Charter was given much time to observe these matters; and to reckon with mere surface disorders, such as a bleeding right hand, lacerated from the rusty chain; a torn shoulder, and a variety of burns which he promptly decided must be inconsequential, since they stung so in the hot vapor. Then, someone with a powerful arm was knocking out three-cushion caroms in his brain-pan. This spoiled good thinking results. It is true, he did not grasp the points of the position, with the remotest trace of the sequence in which they are put down. Indeed, his mind, emerging from the depths into which the shock of eruption had felled it, held alone with any persistence the all-enfolding miracle that the woman was in his arms....
Presently, his brain began to sort the side-issues. Her head had lain, upon his shoulder during that precipitous plunge, and her hair had fallen when he first caught her up. He remembered it blowing and covering his eyes in a manner of playful endearment quite impossible for an outsider to conceive. Meanwhile, the blast from Pelée was upon the city; traversing the six miles from the crater to theMorne, faster than its own sound; six miles in little more than the time it had taken him to cross the lawn from the veranda to the cistern. A second or two had saved them.
The fire had touched her hair.... Her bare arm brushed his cheek, and his whole nature suddenly crawled with the fear that she might not wake. His head dropped to her breast, and he heard her heart, light and steadily on its way. His eyes were straining through the darkness into her face, but he could not be sure it was without burns. There was cumulative harshness in the fear that her face, so fragile, of purest line, should meet the coarse element, burning dirt. His hands were not free, but he touched her eyes, and knew that they were whole.... She sighed, stirred and winced a little—breath of consciousness returning. Then he heard:
"What is this dripping darkness?"
The words were slowly uttered, and the tones soft and vague, as from one dreaming, or very close to the Gates.... In a great dark room somewhere, in a past life, perhaps, he had heard such a voice from someone lying in the shadows.
"We are in the old cistern—you and I——"
"I—knew—you—would—come—for—me."
It was murmured as from someone very weary, very happy—as a child falling asleep after a dream, murmurs with a little contented nestle under the mother-wing.

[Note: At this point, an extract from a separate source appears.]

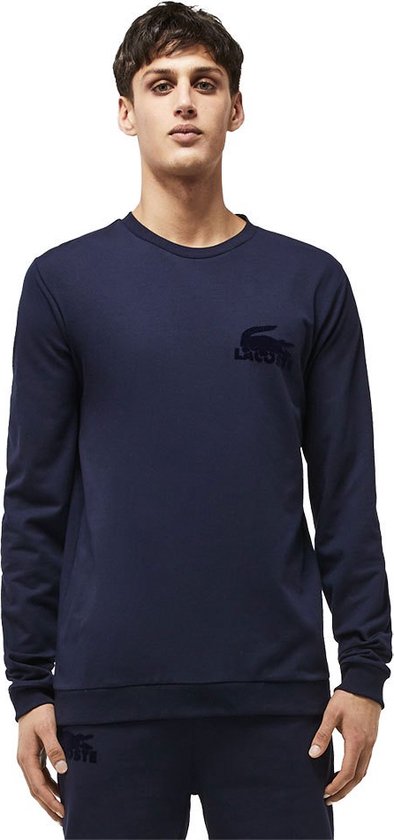 Lacoste Sh7477-00 Sweatshirt Blauw XL Man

"But how could you know?" he whispered quickly. "My heart was too full—to take a mere mountain seriously—until the last minute——"
"Skylarks—always—know!"
Torrents of rain were descending. Pelée roared with the after-pangs. Though cooled and replenished by floods of black rain, the rising water in the cistern was still hot.
"It was always hard for me to call you Wyndam——"
"Harder to hear, Quentin Charter...."
"But are you sure you are not badly burned?" he asked for the tenth time.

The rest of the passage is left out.